__Task__
Copy, from the data below, every line that has "Pump" in it.

__Available data__
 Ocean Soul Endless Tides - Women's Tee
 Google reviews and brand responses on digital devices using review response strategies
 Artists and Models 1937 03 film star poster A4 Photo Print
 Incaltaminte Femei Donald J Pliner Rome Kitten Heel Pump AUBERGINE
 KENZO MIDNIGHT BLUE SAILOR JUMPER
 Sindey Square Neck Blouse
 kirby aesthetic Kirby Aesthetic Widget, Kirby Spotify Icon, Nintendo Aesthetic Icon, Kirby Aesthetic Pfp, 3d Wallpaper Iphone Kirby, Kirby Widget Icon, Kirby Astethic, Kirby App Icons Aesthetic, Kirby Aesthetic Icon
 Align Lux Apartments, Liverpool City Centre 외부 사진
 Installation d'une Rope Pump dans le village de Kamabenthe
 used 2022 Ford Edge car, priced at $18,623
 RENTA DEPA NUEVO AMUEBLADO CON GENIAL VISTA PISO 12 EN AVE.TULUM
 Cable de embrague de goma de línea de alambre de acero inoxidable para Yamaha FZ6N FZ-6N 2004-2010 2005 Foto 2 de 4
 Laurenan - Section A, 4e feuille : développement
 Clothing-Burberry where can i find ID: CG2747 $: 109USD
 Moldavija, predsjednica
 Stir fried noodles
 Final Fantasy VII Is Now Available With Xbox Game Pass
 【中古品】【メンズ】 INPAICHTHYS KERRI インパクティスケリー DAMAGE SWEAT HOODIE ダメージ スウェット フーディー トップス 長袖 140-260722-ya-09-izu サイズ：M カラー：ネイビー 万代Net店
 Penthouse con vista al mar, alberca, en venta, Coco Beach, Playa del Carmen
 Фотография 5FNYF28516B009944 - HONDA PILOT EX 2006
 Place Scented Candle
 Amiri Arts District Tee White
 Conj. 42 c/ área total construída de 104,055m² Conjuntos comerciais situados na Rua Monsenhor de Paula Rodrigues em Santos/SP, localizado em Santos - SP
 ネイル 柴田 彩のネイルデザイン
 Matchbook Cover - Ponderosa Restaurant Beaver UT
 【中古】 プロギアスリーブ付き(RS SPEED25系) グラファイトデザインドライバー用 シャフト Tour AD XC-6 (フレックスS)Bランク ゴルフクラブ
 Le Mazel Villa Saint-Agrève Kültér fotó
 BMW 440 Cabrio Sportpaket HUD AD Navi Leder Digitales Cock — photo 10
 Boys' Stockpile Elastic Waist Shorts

__Solution for this problem__
 Incaltaminte Femei Donald J Pliner Rome Kitten Heel Pump AUBERGINE
 Installation d'une Rope Pump dans le village de Kamabenthe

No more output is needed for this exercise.